Between the trends of the state and the influence of the dominant families, the banking system in Tunisia does not help to advance the economy and support competition. Rather, it perpetuates a state of closure that the revolution was unable to change its rules.

In a report by its Tunisian correspondent Bonoit Delma, the French newspaper "le point" sheds light on the complexities of the banking scene in Tunisia and how it contributes to the complexity of the economic scene that has worsened due to the Corona crisis.

The writer quotes an expert on Tunisian affairs as saying that the country suffers from "corruption and regionalization," as it faces a real challenge to some international institutions that approve loans, grants and technical assistance every year.

According to the author, only 20 families dominate the joints of the Tunisian economy, in light of laws and regulations that institutionalize the culture of monopoly, and although Tunisia witnessed a revolution that toppled the regime of President Ben Ali in January 2011, the country did not witness an economic revolution, and the situation remained As it has been throughout the past years.

Effective control of the banking system remains in the hands of the dominant families that exchange profits (Reuters)

The banking system is a family matter

There are 23 banks in Tunisia, which is a large number in a country with a population of about 11 million people. The state controls a large part of the capital of these institutions, in addition to a limited number of influential families.

For example, the "Ben Yidder" family owns 61% of the Aman Bank, compared to 5.46% for the "Al-Harshani Finance" company, and Al-Mabrouk Group owns 39% of the capital of Tunis International Arab Bank, compared to 7% for Al-Harshani, which also owns 12 % Of the Housing Bank’s capital.

Although the Tunisian state owns the lion’s share in a number of banking institutions (71% of the Tunisian bank’s capital and 58% of the Housing Bank’s capital), effective control over the banking system remains - according to the author - in the hands of the dominant families that exchange earnings and loans and control The joints of the economy, while the state provides loans mainly to public institutions, which does not help much in advancing the economy.

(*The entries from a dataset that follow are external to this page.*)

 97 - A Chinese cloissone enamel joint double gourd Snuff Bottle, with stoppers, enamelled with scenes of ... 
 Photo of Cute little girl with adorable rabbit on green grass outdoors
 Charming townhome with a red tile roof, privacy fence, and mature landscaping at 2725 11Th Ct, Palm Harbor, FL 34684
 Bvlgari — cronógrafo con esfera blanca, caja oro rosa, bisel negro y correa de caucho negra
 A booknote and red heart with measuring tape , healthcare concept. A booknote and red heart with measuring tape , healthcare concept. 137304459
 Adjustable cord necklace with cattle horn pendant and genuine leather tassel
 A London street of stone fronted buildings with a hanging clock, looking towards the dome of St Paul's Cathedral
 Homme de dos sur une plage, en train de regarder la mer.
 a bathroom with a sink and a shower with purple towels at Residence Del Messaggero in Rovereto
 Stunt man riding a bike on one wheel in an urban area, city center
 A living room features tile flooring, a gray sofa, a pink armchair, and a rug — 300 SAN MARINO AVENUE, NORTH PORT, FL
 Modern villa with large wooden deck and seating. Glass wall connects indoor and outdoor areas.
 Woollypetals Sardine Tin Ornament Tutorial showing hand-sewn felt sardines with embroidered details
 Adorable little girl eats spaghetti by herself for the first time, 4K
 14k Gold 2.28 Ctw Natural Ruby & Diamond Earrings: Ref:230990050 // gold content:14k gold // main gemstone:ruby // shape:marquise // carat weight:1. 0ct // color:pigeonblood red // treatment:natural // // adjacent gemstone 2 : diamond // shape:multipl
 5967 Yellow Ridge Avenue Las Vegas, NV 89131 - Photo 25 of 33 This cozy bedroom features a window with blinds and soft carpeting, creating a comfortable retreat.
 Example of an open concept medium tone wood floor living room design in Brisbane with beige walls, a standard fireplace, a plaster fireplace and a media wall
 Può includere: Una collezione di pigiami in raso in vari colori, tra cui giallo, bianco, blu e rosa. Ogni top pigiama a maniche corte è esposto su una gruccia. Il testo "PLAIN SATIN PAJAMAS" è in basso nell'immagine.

The author believes that Tunisian capitalism is a mixture of bold and high-income businessmen who strive to stem any kind of economic competition.

During the reign of Habib Bourguiba, a generation of pioneers emerged who worked to build the Tunisian economy, but little by little the families were able to extend their influence and control the scene.

The best example of this is what the Tunis International Arab Bank has witnessed, as the bank was founded by Habib Bourguiba, son of former President Habib Bourguiba, and former Minister of Planning and Finance, Mansour Moali. Ben Ali, and the Al-Mabrouk family managed to control the International Arab Bank of Tunis, and reached its zenith after Marwan Al-Mabrouk became Ben Ali's son-in-law.

Get rid of competitors

The essence of a closed economy is based on getting rid of competitors, and in Tunisia if you do not belong to one of the families that dominate the economy, the solution is often to travel to Europe or Canada in order to implement your project, and those who can afford to travel to Paris and study in its high-end universities can Get very good jobs in France later.

The large number of banks in Tunisia is not evidence of the development of the economy and openness to competition, and this is what everyone who deals with these institutions realizes, as the banking system is considered a closed family system and is a factor that hinders free economic competition.